**Goal of the exercise**
A single number is the answer: the count of lines in the records that hold the word "Hyundai".

##### Record excerpts

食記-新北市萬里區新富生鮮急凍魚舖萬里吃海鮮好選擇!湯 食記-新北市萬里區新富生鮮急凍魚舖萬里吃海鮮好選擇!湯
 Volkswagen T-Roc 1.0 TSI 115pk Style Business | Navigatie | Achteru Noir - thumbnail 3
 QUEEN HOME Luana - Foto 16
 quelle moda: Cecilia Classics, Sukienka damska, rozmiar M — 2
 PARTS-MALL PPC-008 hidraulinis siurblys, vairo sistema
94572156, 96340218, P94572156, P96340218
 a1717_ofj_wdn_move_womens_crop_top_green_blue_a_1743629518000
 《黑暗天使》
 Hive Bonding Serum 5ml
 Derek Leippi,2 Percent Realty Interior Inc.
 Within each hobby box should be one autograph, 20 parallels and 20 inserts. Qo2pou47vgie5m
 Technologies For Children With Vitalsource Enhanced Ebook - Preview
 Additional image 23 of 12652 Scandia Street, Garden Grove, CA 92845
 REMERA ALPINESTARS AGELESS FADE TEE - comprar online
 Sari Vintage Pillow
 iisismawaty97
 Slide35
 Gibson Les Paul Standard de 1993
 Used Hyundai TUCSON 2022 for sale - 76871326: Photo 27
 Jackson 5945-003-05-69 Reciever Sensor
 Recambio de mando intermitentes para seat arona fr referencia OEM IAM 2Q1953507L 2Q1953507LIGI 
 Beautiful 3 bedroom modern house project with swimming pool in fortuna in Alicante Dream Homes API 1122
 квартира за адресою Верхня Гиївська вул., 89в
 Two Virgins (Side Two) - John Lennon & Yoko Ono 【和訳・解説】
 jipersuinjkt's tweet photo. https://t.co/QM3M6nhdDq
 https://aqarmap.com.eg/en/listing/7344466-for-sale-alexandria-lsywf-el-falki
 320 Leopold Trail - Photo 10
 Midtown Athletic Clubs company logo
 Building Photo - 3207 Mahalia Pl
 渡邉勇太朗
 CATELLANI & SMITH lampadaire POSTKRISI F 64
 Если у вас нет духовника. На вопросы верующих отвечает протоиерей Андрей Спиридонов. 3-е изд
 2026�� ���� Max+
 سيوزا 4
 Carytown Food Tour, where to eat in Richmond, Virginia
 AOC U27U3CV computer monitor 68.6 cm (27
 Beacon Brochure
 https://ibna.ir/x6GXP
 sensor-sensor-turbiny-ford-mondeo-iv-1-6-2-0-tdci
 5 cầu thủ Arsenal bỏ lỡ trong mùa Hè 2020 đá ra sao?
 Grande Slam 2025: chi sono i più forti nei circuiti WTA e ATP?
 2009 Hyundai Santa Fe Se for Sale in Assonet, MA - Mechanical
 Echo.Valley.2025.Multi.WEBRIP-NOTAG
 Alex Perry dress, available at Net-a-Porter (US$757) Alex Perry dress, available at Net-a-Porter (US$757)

##########

**Result**
2